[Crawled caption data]

■ ■ ■ ■

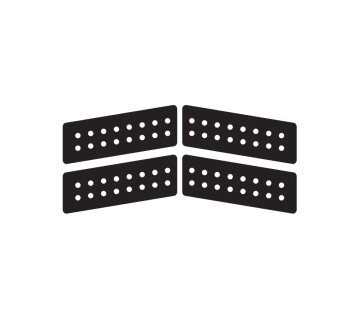 OCEAN & EARTH TAILPAD BOOMERANG 4 PIECE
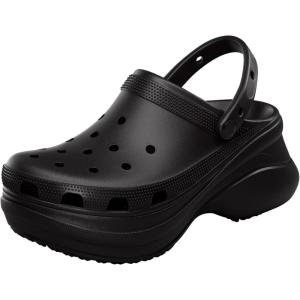 Crocs Women’s Classic Bae Clogs(Black)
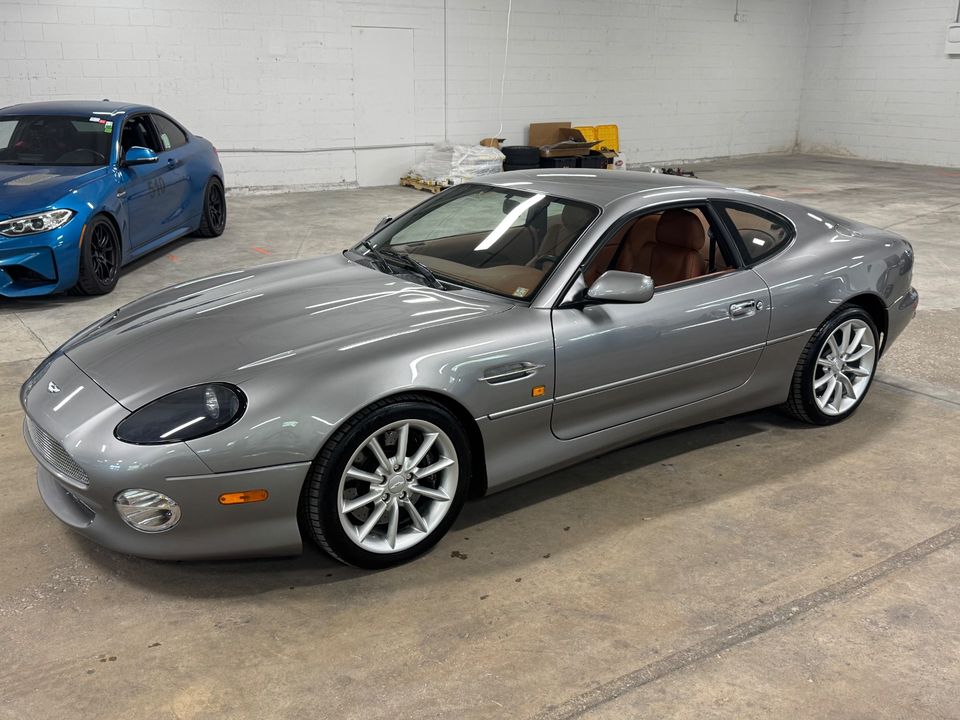 2002 ASTON MARTIN DB7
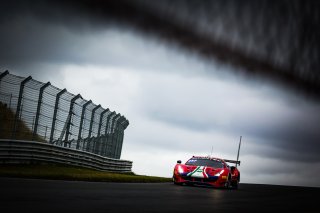 #52 AF Corse Ferrari 488 GT3 Louis Machiels Andrea Bertolini Pro-Am Cup, Qualifying 2
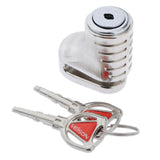 Maxbell Zinc Alloy Waterproof Motorcycle Bicycle Antitheft Wheel Disc Brake Lock - Aladdin Shoppers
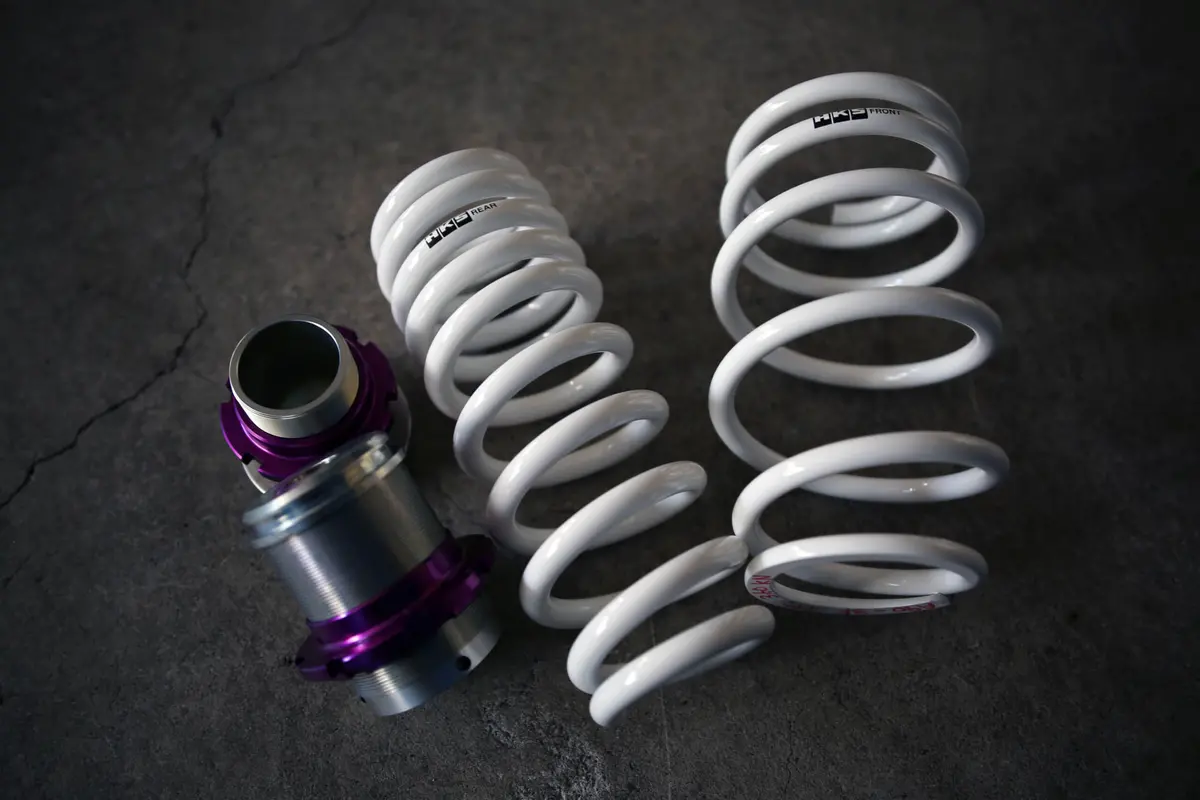 Hks Hipermax Touring-Height Adjustable Spring Toyota Gr Supra Mkv/A90 1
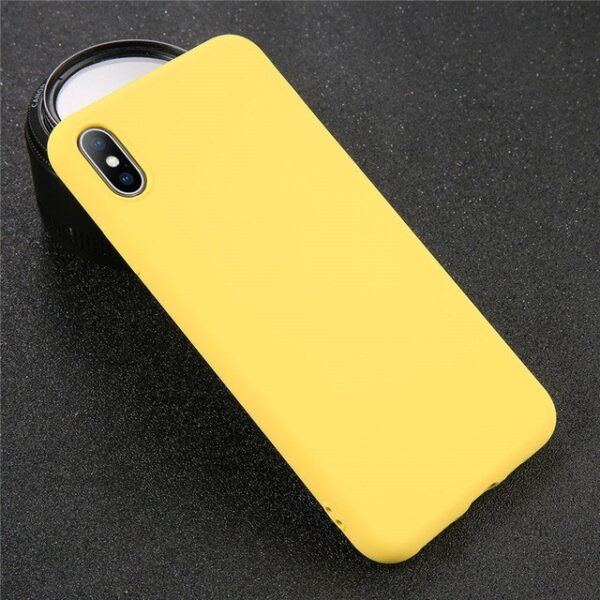 Hf32b164f1abc47c68207b98e251b2286o - iPhone XS Max 360 Liquid Silicon Cover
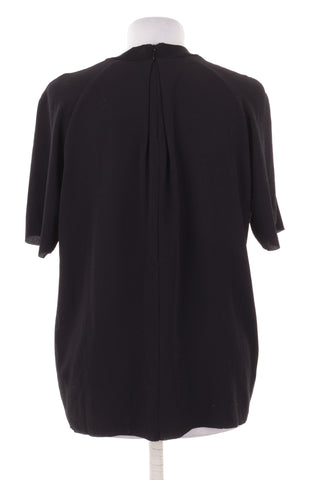 Schwarze Bluse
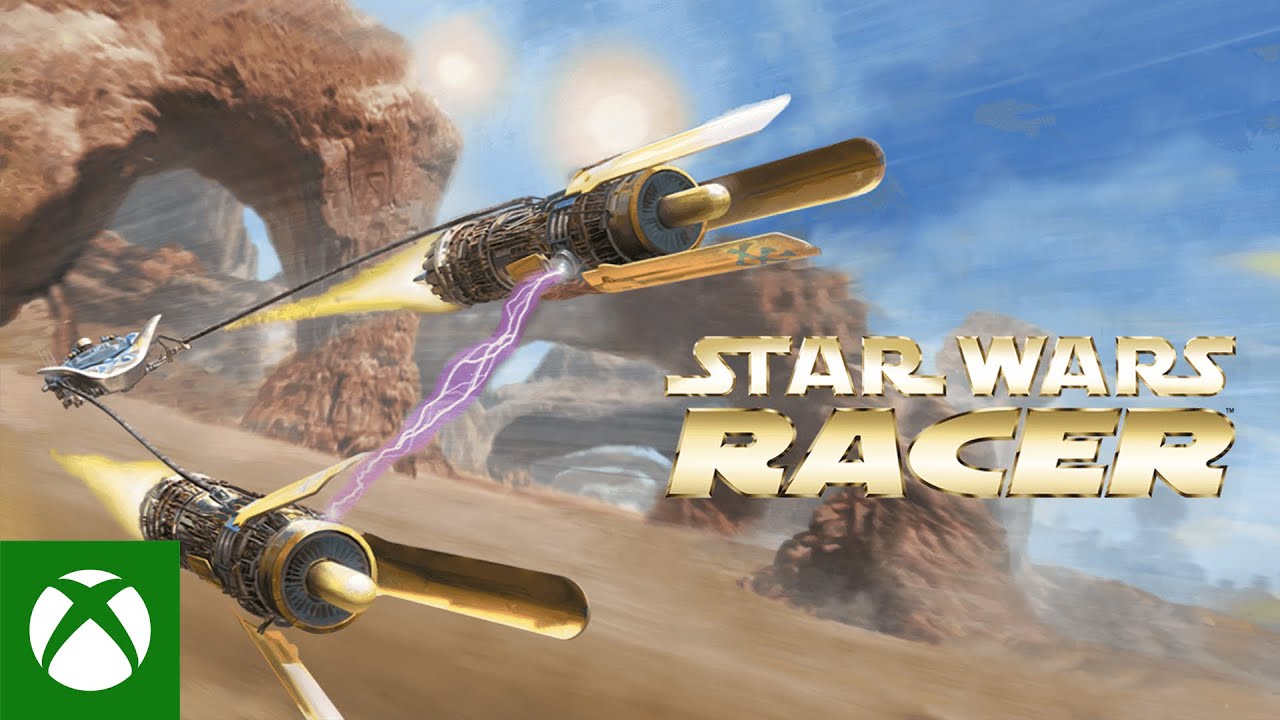 , Star Wars Episode I: Racer &#8211; Trailer de lançamento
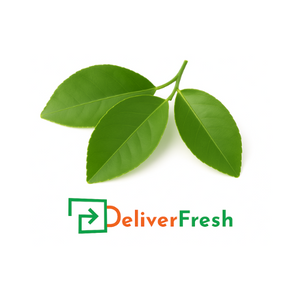 Lemon leaves with 'DeliverFresh' 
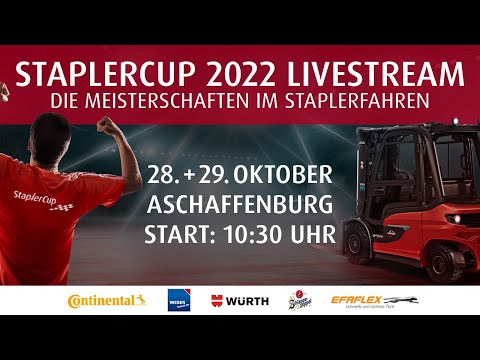 StaplerCup 2022 Livestream - Tag 2 (Samstag, 29.10.2022)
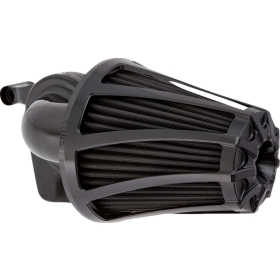ARLEN NESS Monster Sucker Air Cleaner Harley Davidson FLHR / FLHRCI / FLHT / FLHTCUI 1340-1450cc 92-00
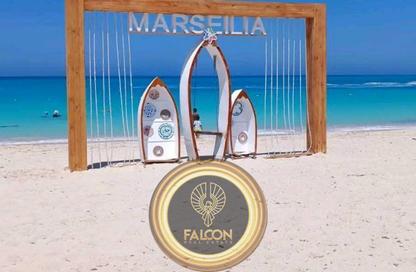 Chalet - 2 Bedrooms - 2 Bathrooms for sale in Marseilia Beach 5 - Ras Al Hekma - North Coast
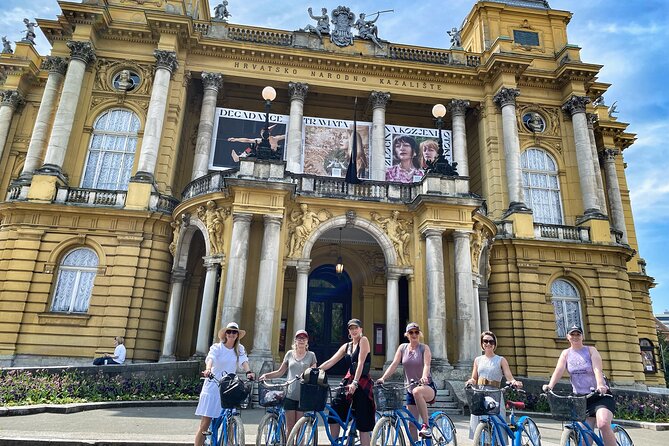 Zagreb Highlights Bike Tour - Five useful things to know before booking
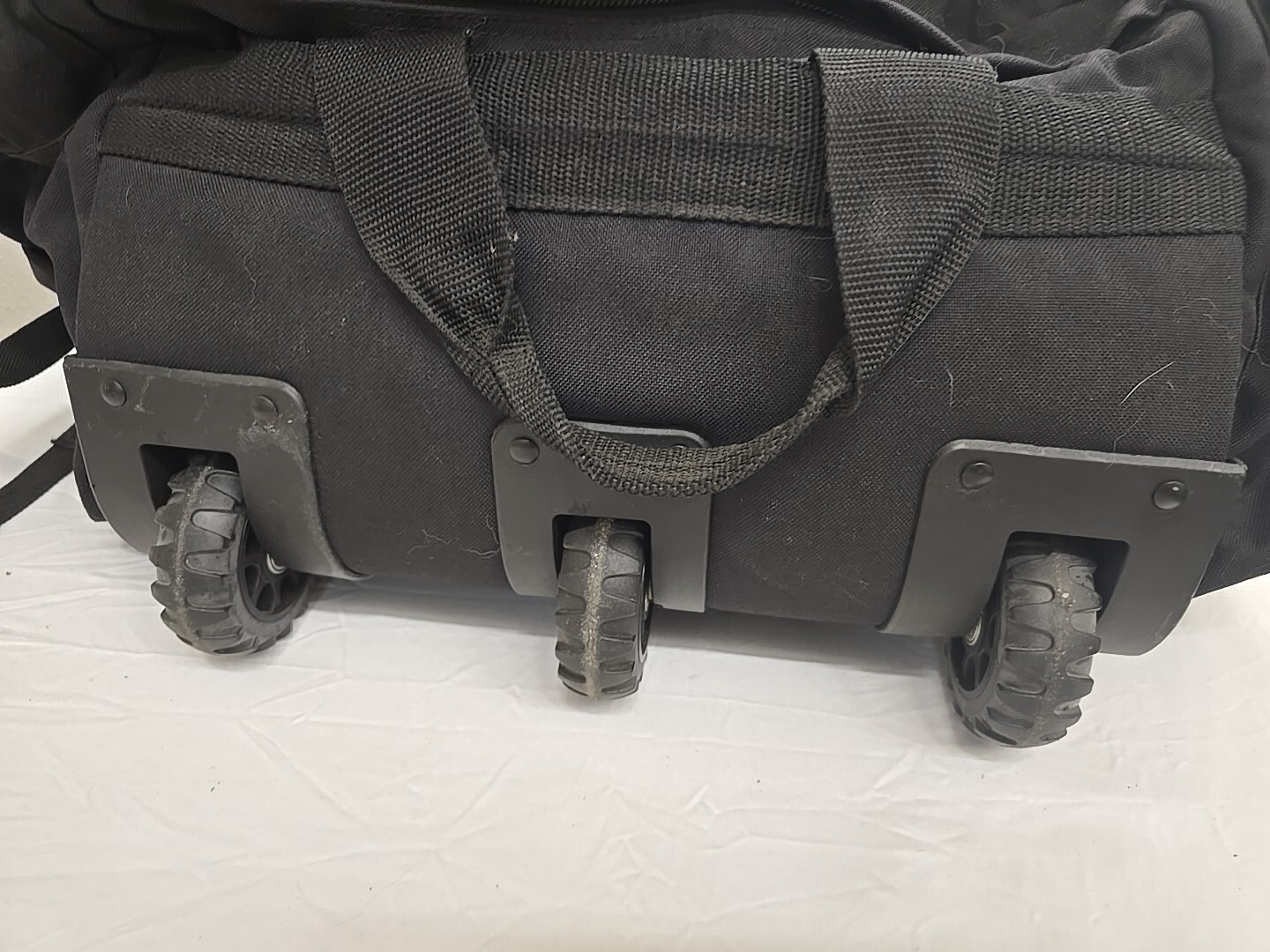 Salty GCS 3-Wheels Rolling Deployment Bag 32" Black #2
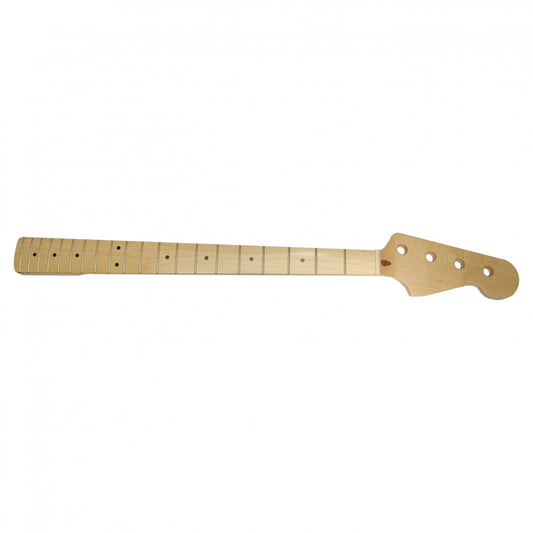 Precision Bass Replacement Maple Neck Clear Finish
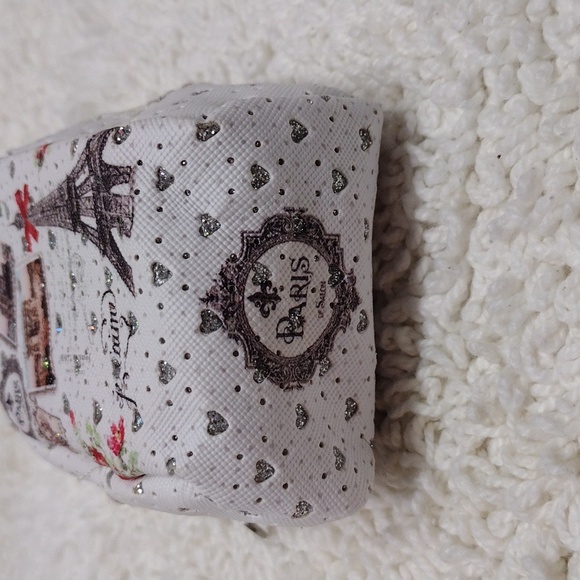 Keychain Paris Prints Zipper Small Backpack - Picture 6 of 8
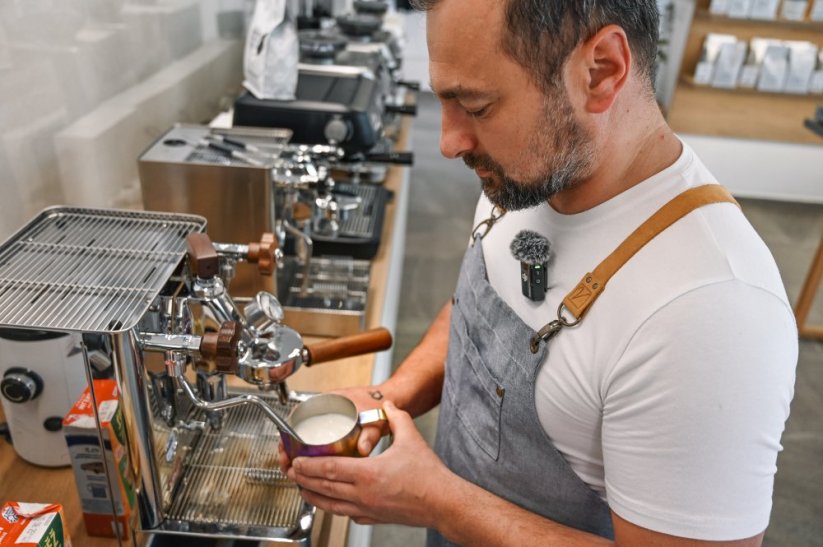 Baristický kurz latté art ADVANCED (pro pokročilé) - Termíny: Dárkový poukaz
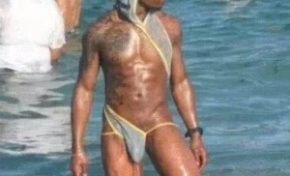 Le maillot de bain pour hommes version #2014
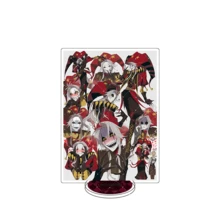 15cm 1pc Game Clown Acrylic Standee The Freak Circus Peripheral Front & Back Protective Films Desktop Ornament Creative Gift - Multicolor - View 5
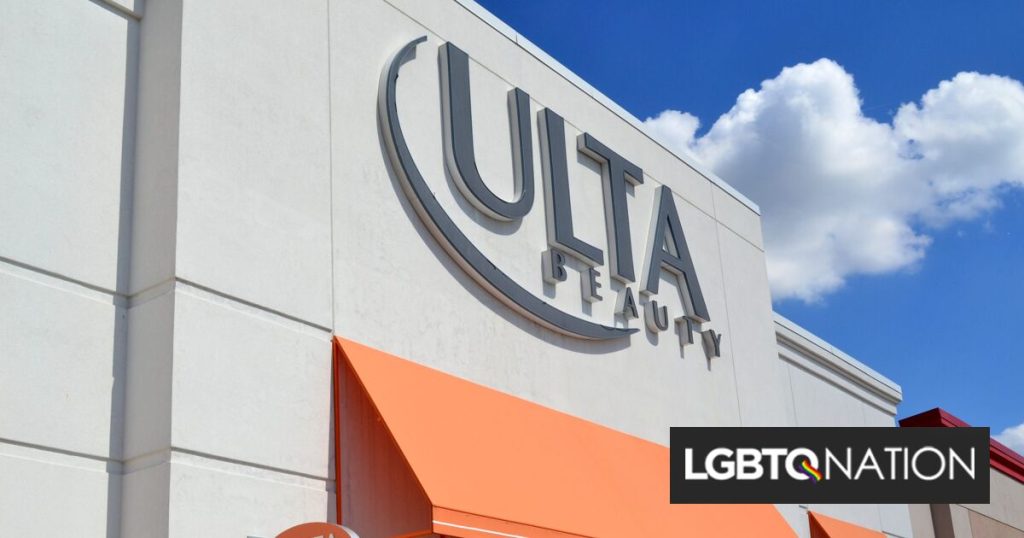 Hate Group dice que Ulta está financiando la "destrucción de menores" vendiendo productos de una estrella no binaria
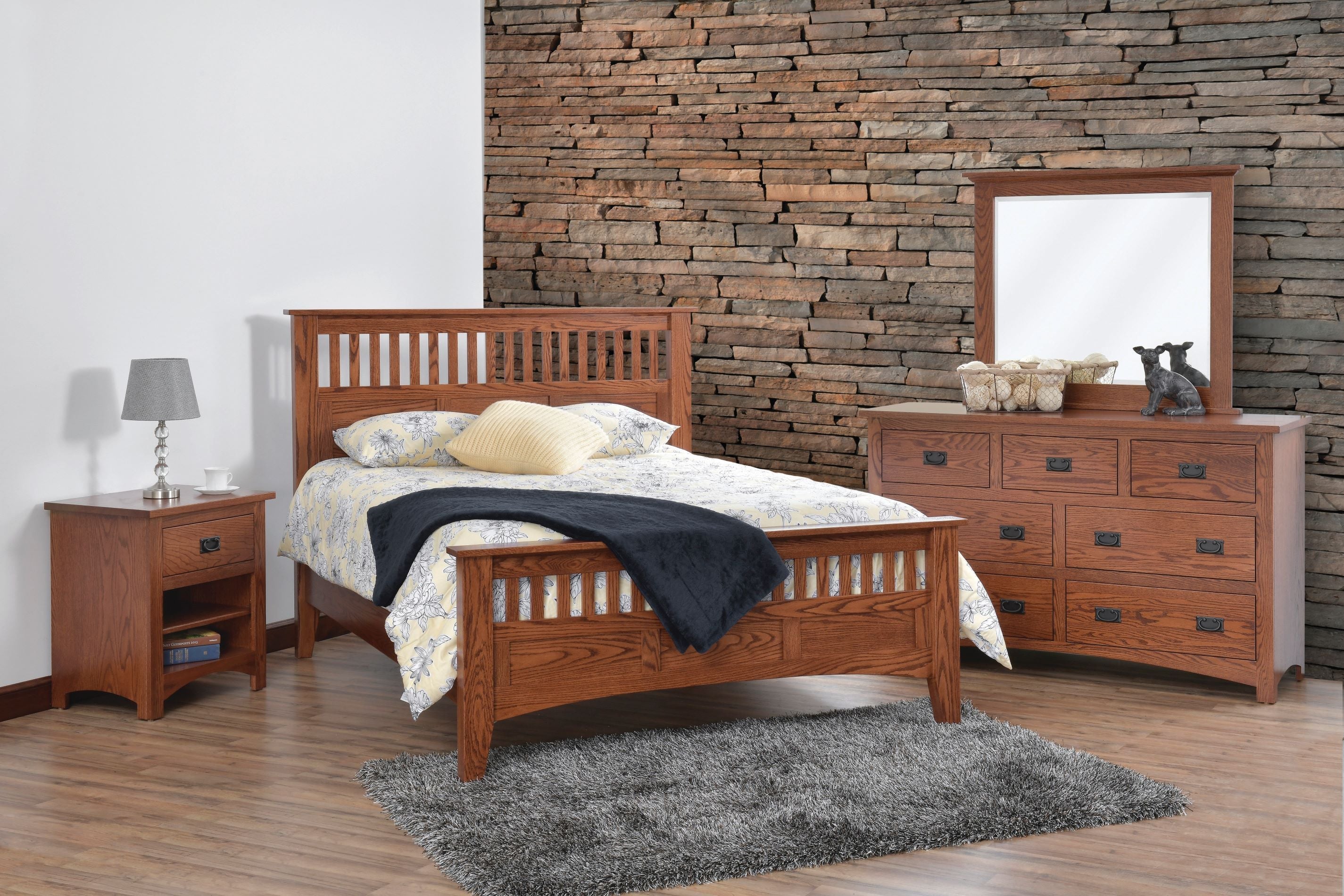 Bedroom Mission Style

■ ■ ■ ■

Task statement ▸ Take the entries above and restate them word for word, minus their images.

Task result ▸
 OCEAN & EARTH TAILPAD BOOMERANG 4 PIECE
 Crocs Women’s Classic Bae Clogs(Black)
 2002 ASTON MARTIN DB7
 #52 AF Corse Ferrari 488 GT3 Louis Machiels Andrea Bertolini Pro-Am Cup, Qualifying 2
 Maxbell Zinc Alloy Waterproof Motorcycle Bicycle Antitheft Wheel Disc Brake Lock - Aladdin Shoppers
 Hks Hipermax Touring-Height Adjustable Spring Toyota Gr Supra Mkv/A90 1
 Hf32b164f1abc47c68207b98e251b2286o - iPhone XS Max 360 Liquid Silicon Cover
 Schwarze Bluse
 , Star Wars Episode I: Racer &#8211; Trailer de lançamento
 Lemon leaves with 'DeliverFresh' 
 StaplerCup 2022 Livestream - Tag 2 (Samstag, 29.10.2022)
ARLEN NESS Monster Sucker Air Cleaner Harley Davidson FLHR / FLHRCI / FLHT / FLHTCUI 1340-1450cc 92-00
 Chalet - 2 Bedrooms - 2 Bathrooms for sale in Marseilia Beach 5 - Ras Al Hekma - North Coast
 Zagreb Highlights Bike Tour - Five useful things to know before booking
 Salty GCS 3-Wheels Rolling Deployment Bag 32" Black #2
 Precision Bass Replacement Maple Neck Clear Finish
 Keychain Paris Prints Zipper Small Backpack - Picture 6 of 8
 Baristický kurz latté art ADVANCED (pro pokročilé) - Termíny: Dárkový poukaz
 Le maillot de bain pour hommes version #2014
 15cm 1pc Game Clown Acrylic Standee The Freak Circus Peripheral Front & Back Protective Films Desktop Ornament Creative Gift - Multicolor - View 5
 Hate Group dice que Ulta está financiando la "destrucción de menores" vendiendo productos de una estrella no binaria
 Bedroom Mission Style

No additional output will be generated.